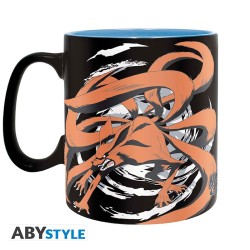 ABYSTYLE - NARUTO SHIPPUDEN - TAZZA 460ML - NARUTO & KURAMA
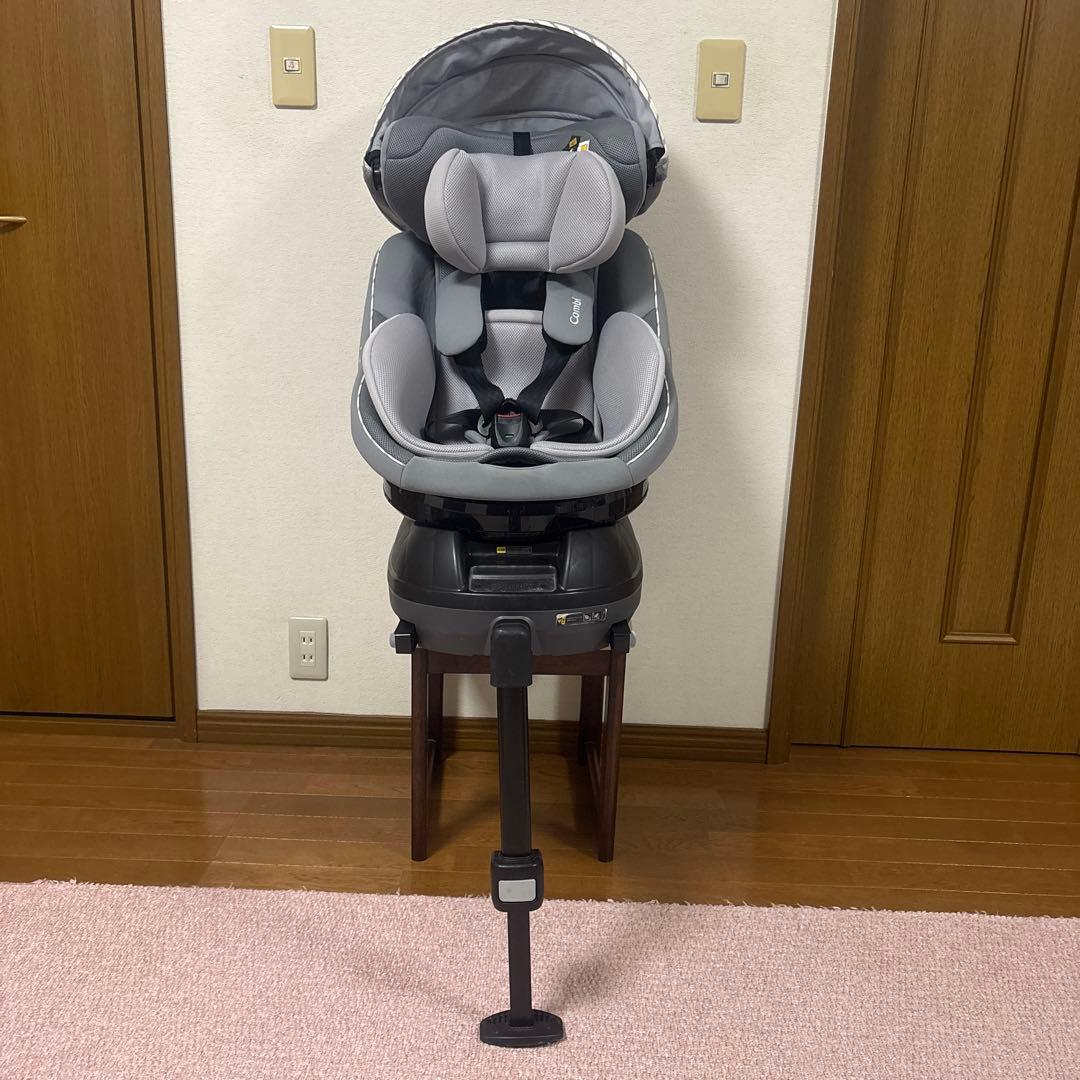 【値下げ交渉承ります】コンビ クルムーヴ ISOFIX JP-590 回転式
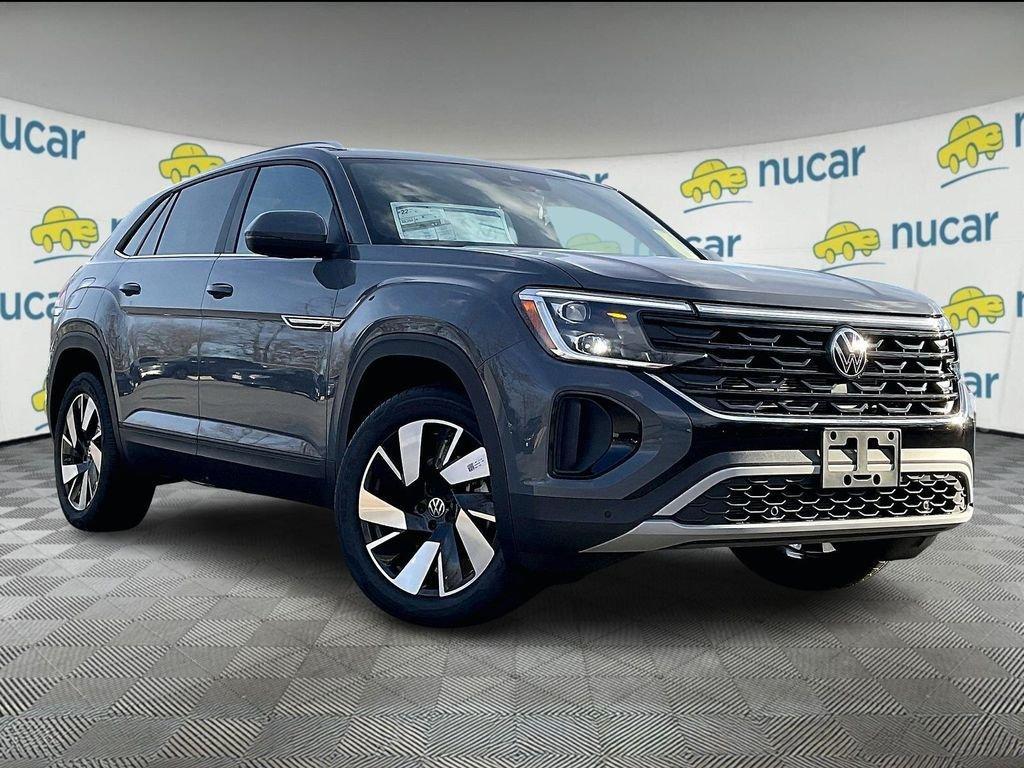 new 2026 Volkswagen Atlas Cross Sport car, priced at $44,279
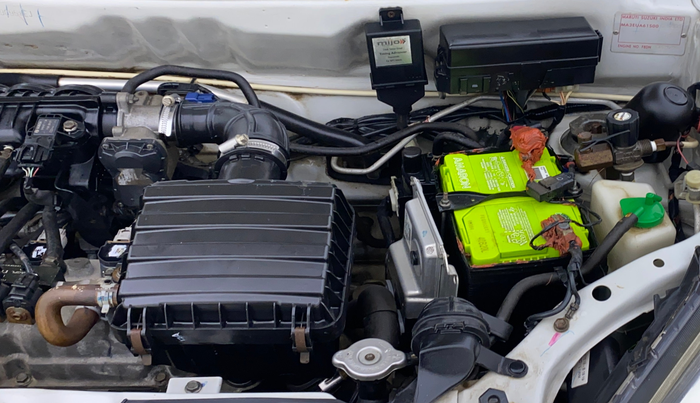 2018 Maruti Alto 800 LXI, CNG, Manual, 61,328 km, Engine View - Left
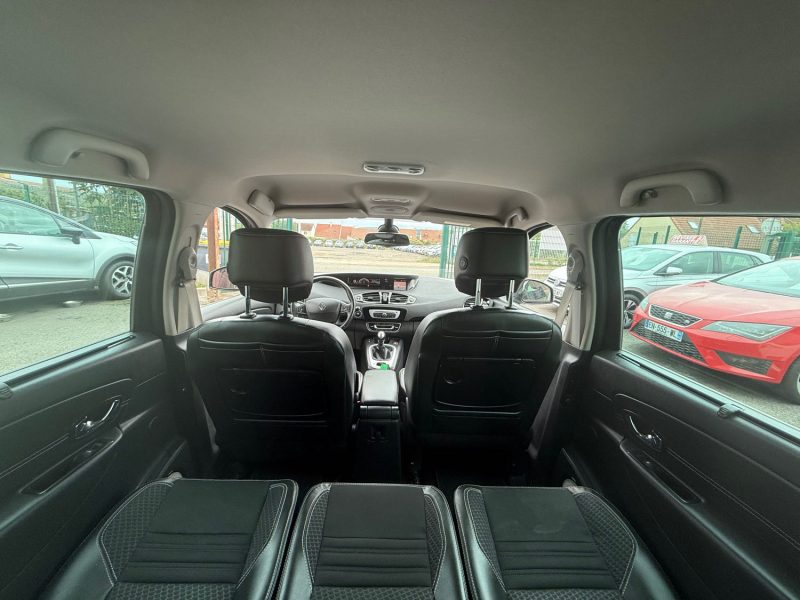 RENAULT GRAND SCÉNIC 3 PHASE 3 ENERGY BOSE 1.2 TCE 130CV CRIT'AIR 1 2015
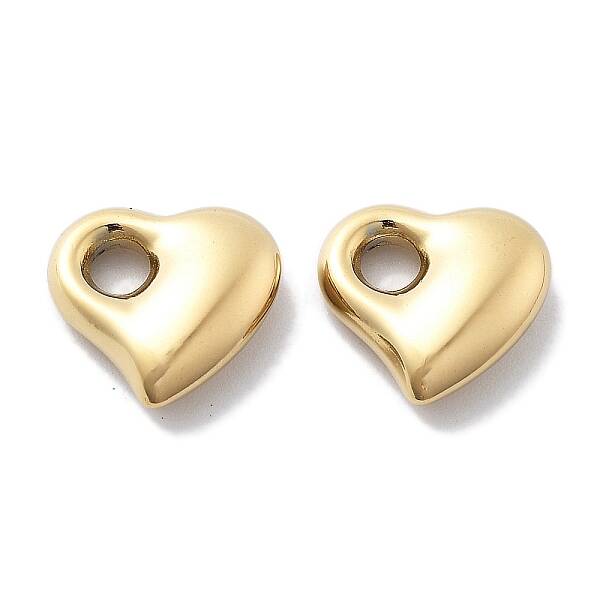 PVD Vacuum Plating 304 Stainless Steel Charms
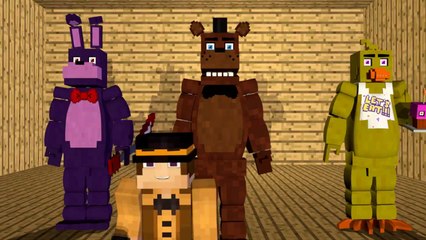 Five Nights at Freddy's (The Good Old Days) [Minecraft Animation]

——

- PROBLEM TO SOLVE
The entries must be written out again unchanged. Images are to be left out.

- WRITTEN SOLUTION
 ABYSTYLE - NARUTO SHIPPUDEN - TAZZA 460ML - NARUTO & KURAMA
 【値下げ交渉承ります】コンビ クルムーヴ ISOFIX JP-590 回転式
 new 2026 Volkswagen Atlas Cross Sport car, priced at $44,279
 2018 Maruti Alto 800 LXI, CNG, Manual, 61,328 km, Engine View - Left
 RENAULT GRAND SCÉNIC 3 PHASE 3 ENERGY BOSE 1.2 TCE 130CV CRIT'AIR 1 2015
 PVD Vacuum Plating 304 Stainless Steel Charms
 Five Nights at Freddy's (The Good Old Days) [Minecraft Animation]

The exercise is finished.